For long car trips (I seem to do a lot of these) I love audio books, but must select them carefully. Thrillers make me drive too fast; long-winded sentences or complicated concepts make me tune out because I can’t follow them while driving. And the actor matters as well. If the delivery is too monotone, my eyelids get heavy. I thought I’d chosen a great book for my last trip: one of my favorite authors. However, this particular novel was more of a psychological study; it would have been excellent reading (and I may come back to it) but too slow for a car trip.
If I’m flying I want a book that is absorbing but not too thought-provoking, since its purpose is to distract me from my surroundings and make the time go by quickly. For a recent flight I picked up this novel by Kate Morton, an author new to me, though this is her fifth novel.
It was perfect! I fell into the story and barely came up for air during the long day’s travel.
Sadie Swallow, a disgraced detective keeping her head down at her grandfather’s cottage in Cornwall, goes running and stumbles on a beautiful abandoned house.
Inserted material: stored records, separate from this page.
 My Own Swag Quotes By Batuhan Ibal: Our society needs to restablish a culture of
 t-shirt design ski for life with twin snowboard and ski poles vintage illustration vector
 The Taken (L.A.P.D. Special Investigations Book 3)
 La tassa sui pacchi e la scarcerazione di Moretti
Fascinated by the house, she becomes riveted by the 70-year-old mystery of the disappearance of the small much-loved boy whose loss so broke his family that they could not bear to return.
The story goes back and forth in time to fill in her past and that of the elderly crime novelist who is the last remaining member of the family who lived there. This kind of time-shifting rarely works, but here Morton handles it brilliantly. Each chapter is a single time period and labeled up front, so there’s no confusion. What really makes it flow are the transitions within the text, the scene at the end of one chapter flowing seamlessly into the first scene of the next chapter; even if there is a huge time gap, the story feels continuous.
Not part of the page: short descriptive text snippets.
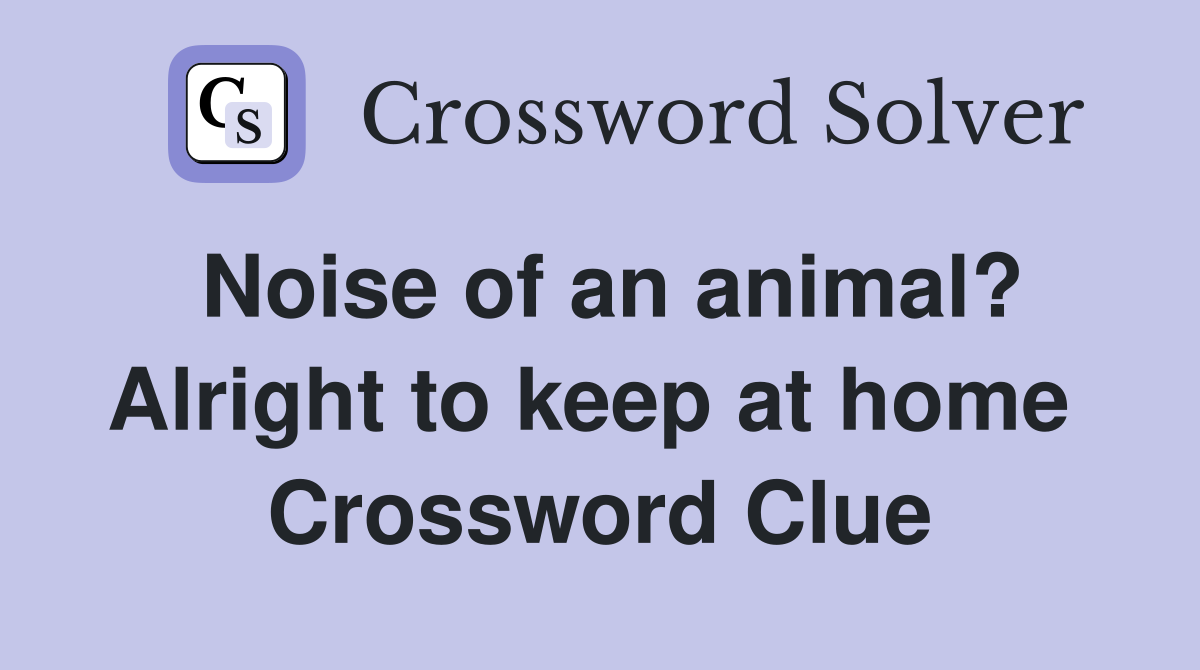 Noise of an animal? Alright to keep at home  Crossword Clue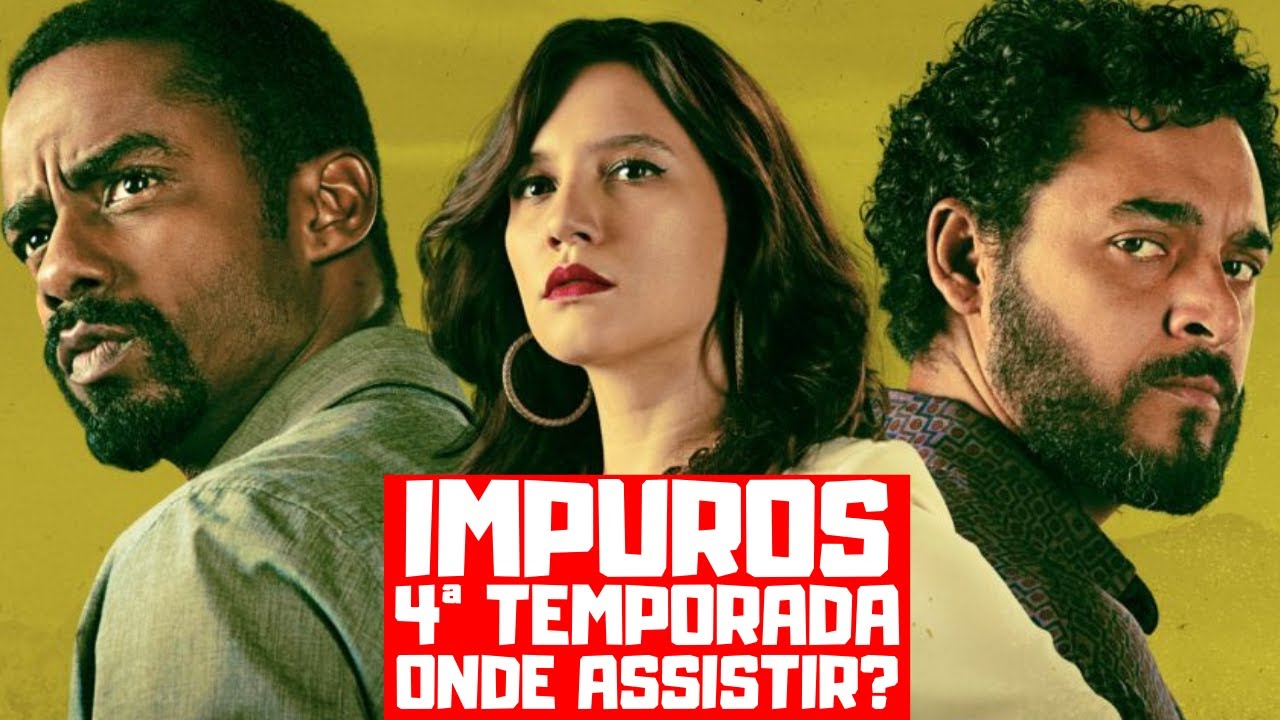 assistir impuros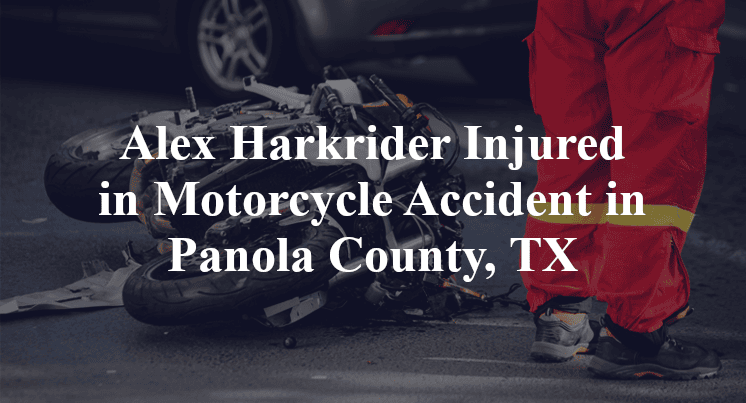 Alex Harkrider Motorcycle Accident in Panola County, TX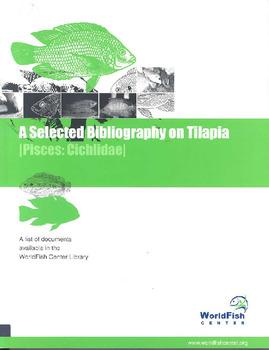 A selected bibliography on tilapia (Pisces: Cichlidae): a list of documents available in the WorldFish Center Library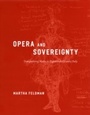 Cover: Opera and Sovereignty - University of Chicago Press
The crime novelist, Alice Edevane, older sister of the lost toddler, is easily the most intriguing character in the book. While very successful as a writer, Alice loathes publicity and is impatient with people who don’t meet her standards. Those standards emerge through her interactions with Peter, the man she hires as a personal assistant, and later with Sadie: on time for appointments, clever (in the British sense of intelligent and practical), and a quality I used to call clear through: open and honest, without social artifice—someone you can trust.
I loved spending time with Alice. And also with Sadie. As a very junior female detective she’s smart but a little too willing to go her own way, ignoring orders from above, thus getting on the wrong side of her superiors. She has a bit of a troubled background, hence being brought up by her grandparents, and is too driven by work to care for a houseplant much less a relationship.
In addition to enjoying the characters, I too fell for the house and for the life the family led there before their tragedy. Set in Cornwall and the London I’d just left how could I resist? The atmosphere reminded me a little of the first part of Atonement. I loved Sadie’s grandfather and his life as a widower, making pies for the fête, walking his two dogs. He’s at peace with himself and able to advise Sadie without seeming too good to be true.
Some cross-genre novels shortchange one or another of their genres. For example, The Girl on the Train was a good thriller, but disappointing as a mystery. Here, Morton manages to present a satisfying mystery in a historical novel that also tackles important issues in women’s lives.
There were a couple of things I thought too improbable and if editing the book would have advised Morton to change. But overall a most satisfying read. I’ll certainly take along one of her other novels on my next flight.
Can you recommend a good audio book for a car trip or one for a flight?